Executive Chef Rino Bagilo of Osteria Pronto in Super Bowl headquarters JW Marriott hotel took diners on a culinary tour of his native Lake Como, Italy with his outstanding interpretation of nuevo Tuscan cuisine. "I do everything with a passion, especially when it comes to all things Italian, " he told me after flambeing an order of his Calamari Fritti in olive oil and flavored with pepperoncini, capolini onion and garlic aioli, followed by an exquisitely fresh Insalata Giglio, a composed salad of Bib lettuce, yellow and red heirloom tomatoes, cucumber, and white balsamic vinegar reduction. The offerings reached a fever pitch with his Canalonis (Italian crepes) of braised, pulled pork stuffed with spinach and a creamy velloute white sauce, similar to a Bechamel followed by white and black ink raviolis stuffed with lobster and served with a roasted lobster tail cooked in Chardonnary, butter and lobster reduction. The Chianti Classico wine and bubbly Prossecco were the perfect accompaniments in this oasis just off the lobby of the Super Bowl Media Center and the Host Committee headquarters.

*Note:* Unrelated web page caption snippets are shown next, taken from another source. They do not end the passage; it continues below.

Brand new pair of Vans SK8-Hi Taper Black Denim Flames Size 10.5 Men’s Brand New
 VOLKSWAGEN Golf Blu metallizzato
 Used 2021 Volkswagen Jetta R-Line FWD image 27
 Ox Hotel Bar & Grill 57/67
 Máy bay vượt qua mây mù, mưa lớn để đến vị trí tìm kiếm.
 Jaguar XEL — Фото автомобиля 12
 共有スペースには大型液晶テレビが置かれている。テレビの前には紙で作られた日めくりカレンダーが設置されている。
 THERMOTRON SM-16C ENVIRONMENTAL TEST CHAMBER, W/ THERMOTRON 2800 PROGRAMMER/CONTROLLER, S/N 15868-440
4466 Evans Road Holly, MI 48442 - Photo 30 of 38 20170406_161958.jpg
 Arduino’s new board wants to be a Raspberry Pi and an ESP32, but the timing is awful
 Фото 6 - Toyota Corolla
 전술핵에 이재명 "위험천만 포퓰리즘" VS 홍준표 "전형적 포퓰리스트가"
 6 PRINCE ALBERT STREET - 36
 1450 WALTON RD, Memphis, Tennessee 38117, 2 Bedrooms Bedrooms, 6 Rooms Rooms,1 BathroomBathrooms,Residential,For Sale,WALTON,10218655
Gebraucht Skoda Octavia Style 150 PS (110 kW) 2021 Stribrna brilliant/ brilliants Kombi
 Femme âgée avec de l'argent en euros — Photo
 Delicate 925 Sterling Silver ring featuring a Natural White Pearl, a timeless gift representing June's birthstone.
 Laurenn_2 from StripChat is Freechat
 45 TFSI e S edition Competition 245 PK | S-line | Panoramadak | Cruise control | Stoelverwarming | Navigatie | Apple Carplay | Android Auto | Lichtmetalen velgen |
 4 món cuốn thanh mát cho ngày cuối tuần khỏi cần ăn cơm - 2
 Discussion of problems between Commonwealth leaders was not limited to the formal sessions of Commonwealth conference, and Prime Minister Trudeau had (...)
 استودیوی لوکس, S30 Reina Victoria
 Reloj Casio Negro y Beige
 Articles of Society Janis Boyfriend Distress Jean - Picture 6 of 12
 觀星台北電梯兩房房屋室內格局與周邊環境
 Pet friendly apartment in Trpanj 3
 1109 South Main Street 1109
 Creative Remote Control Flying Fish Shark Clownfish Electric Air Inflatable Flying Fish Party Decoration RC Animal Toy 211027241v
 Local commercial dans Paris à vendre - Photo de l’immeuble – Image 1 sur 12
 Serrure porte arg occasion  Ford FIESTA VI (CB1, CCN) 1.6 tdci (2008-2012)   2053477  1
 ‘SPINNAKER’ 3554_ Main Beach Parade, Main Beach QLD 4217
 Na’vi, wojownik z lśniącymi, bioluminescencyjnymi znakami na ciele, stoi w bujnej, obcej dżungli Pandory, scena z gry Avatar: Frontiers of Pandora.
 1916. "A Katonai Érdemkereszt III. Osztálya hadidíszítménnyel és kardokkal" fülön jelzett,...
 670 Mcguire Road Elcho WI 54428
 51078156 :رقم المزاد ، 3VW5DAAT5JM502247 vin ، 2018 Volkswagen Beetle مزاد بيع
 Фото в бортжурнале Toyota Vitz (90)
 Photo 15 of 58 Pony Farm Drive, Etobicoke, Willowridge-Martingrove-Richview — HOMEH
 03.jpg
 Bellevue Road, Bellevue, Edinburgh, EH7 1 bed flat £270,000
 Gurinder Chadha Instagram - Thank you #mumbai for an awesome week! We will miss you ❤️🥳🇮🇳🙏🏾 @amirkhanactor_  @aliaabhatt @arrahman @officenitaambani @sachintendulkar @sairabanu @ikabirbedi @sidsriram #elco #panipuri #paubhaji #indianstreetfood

On the other end of the spetrum, a visit to the nearby trendy Broad Ripple district, brought a stop at Boogie Burger, an upscale eatery that specializes in custom bourmet burgers. Owner/Chef Mark Radford, an Indianapolis native, began nurturing the concept as a young executive for a major pharmaceutical company while living in New York. "I've always loved food. I started, watching my grandmother cook and then, when I live in New York, my aunt, Valerie Jo Bradley, at her brownstone in Harlem. I opened a catering company that provided light fare and sandwiches to corporate clients at the companies where my friends in the industry worked and it grew from there. When I left New York and that industry, I moved back home to Indianapolis and started lying the groundwork for what you see here. This has always been my drean and as you can see, its starting to bear fruit." Radford got behind the grill and made the larges burger this reviewer has ever had-the Monster Burger, complete with bacon, pastrami, cheddar cheese, onion rings, and topped with a fried egg. It would take a Super Bowl-sized appetizer to finish it all at one sitting!

The following evening saw the unfolding of one of the premiere events of Super Bowl XLVI, Super Bowl Gospel Celebration at historic Clowes Memorial Hall on the beautiful Butler University campus. Hosted by Rev Run and CeCe Winans, it featured Fantasia, the soul-stirring resonant voice of Natalie Grant, the electrifying three-tie Grammy winning Donnie McClurkin with the NFL Players Choir (yes, the choir is composed of all present and former NFL players, and they can really sing!) and the off-the-charts finale, led by Bishop Hezekiah Walker. The VIP reception, which honored sponsors Comcast, Verizon and American Family Insurance and the NFL, offered an opportunity to mingle with NFL alumni, several of whom shared their personal testimony of struggle, sacrifice and ultimate triumph onstage and flashed their Super Bowl rings offstage. It was the prelude to the exciting hours leading up to Super Bowl XLVI.